**Exercise brief**
Below are some records. Write out exactly their lines from the one with "Ape Shxt Apparel Go Spirit 2 graphic t-shirt" through the one with "FIRANA GOTOWA REVA 140 X 250 CM BIAŁY", and leave the pictures behind.

**Exercise input**
++++++++++++++++++++

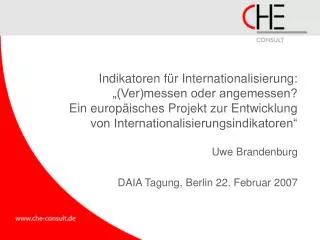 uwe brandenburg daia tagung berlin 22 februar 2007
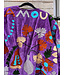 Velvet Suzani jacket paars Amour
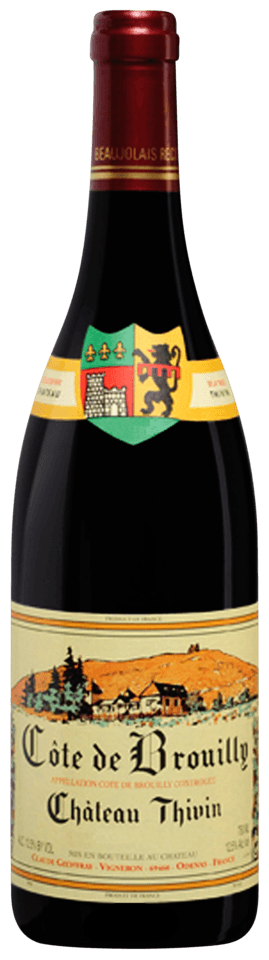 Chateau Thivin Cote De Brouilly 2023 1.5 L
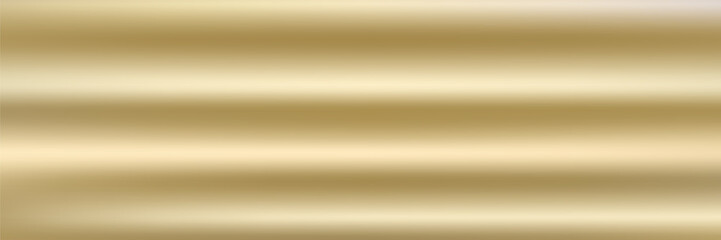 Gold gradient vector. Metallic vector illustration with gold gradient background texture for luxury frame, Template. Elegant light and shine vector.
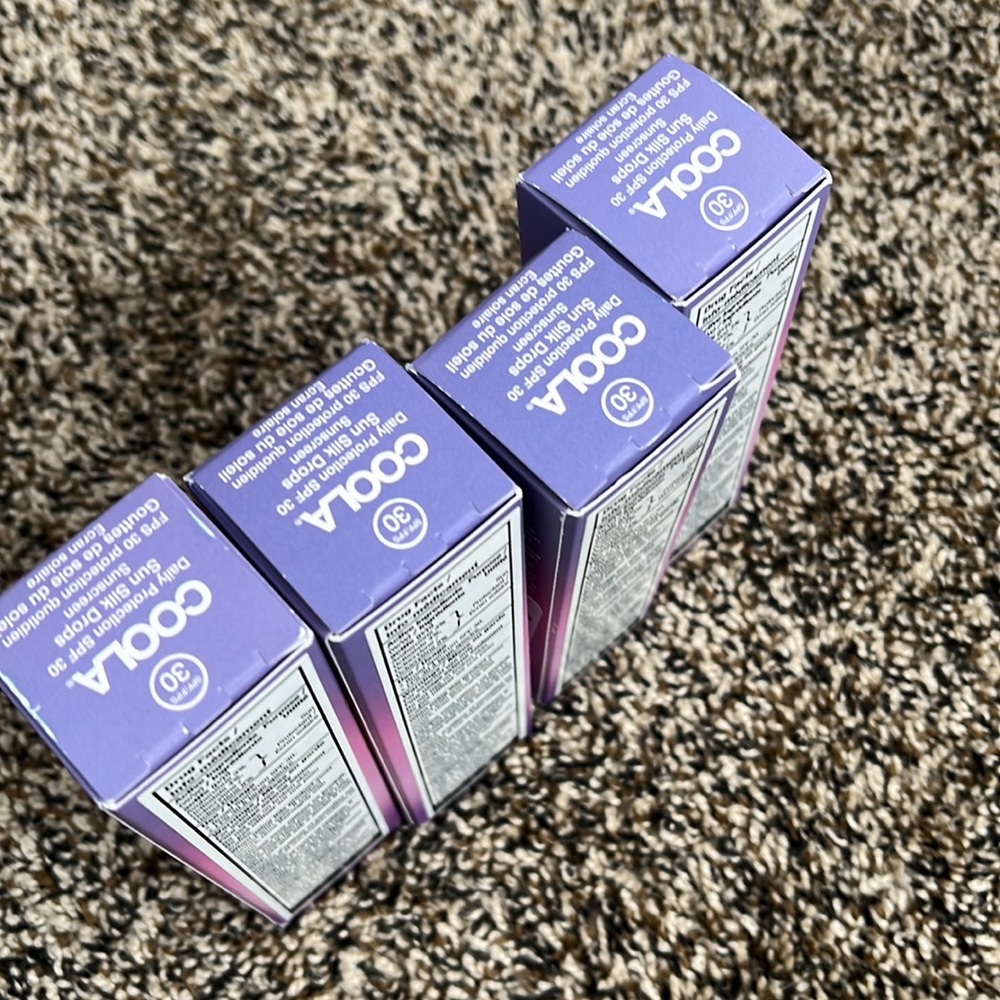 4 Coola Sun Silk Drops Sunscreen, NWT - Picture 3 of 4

++++++++++++++++++++

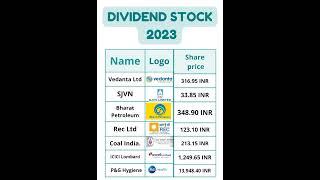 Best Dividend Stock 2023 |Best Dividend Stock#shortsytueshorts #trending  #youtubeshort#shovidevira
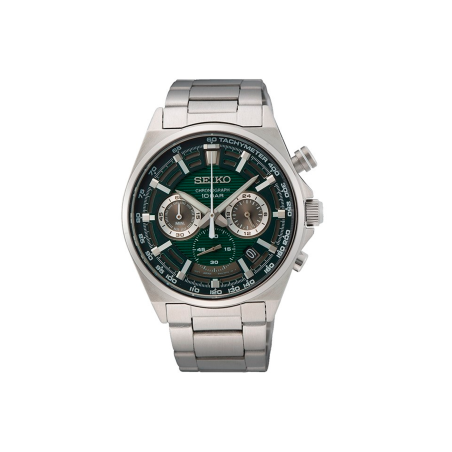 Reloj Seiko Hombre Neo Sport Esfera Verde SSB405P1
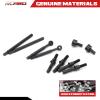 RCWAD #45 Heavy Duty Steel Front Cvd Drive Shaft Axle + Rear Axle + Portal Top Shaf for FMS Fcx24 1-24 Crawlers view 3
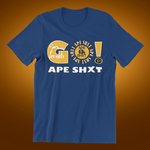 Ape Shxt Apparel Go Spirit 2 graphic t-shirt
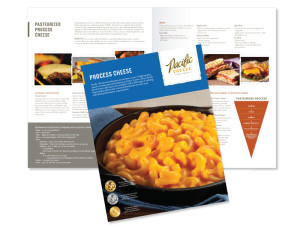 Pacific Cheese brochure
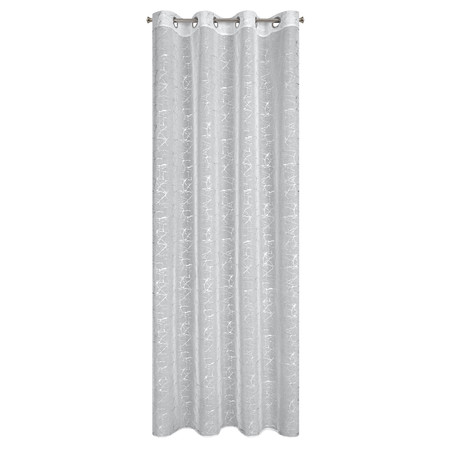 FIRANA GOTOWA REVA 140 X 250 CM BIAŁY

++++++++++++++++++++

**Written solution**
 Ape Shxt Apparel Go Spirit 2 graphic t-shirt
 Pacific Cheese brochure
 FIRANA GOTOWA REVA 140 X 250 CM BIAŁY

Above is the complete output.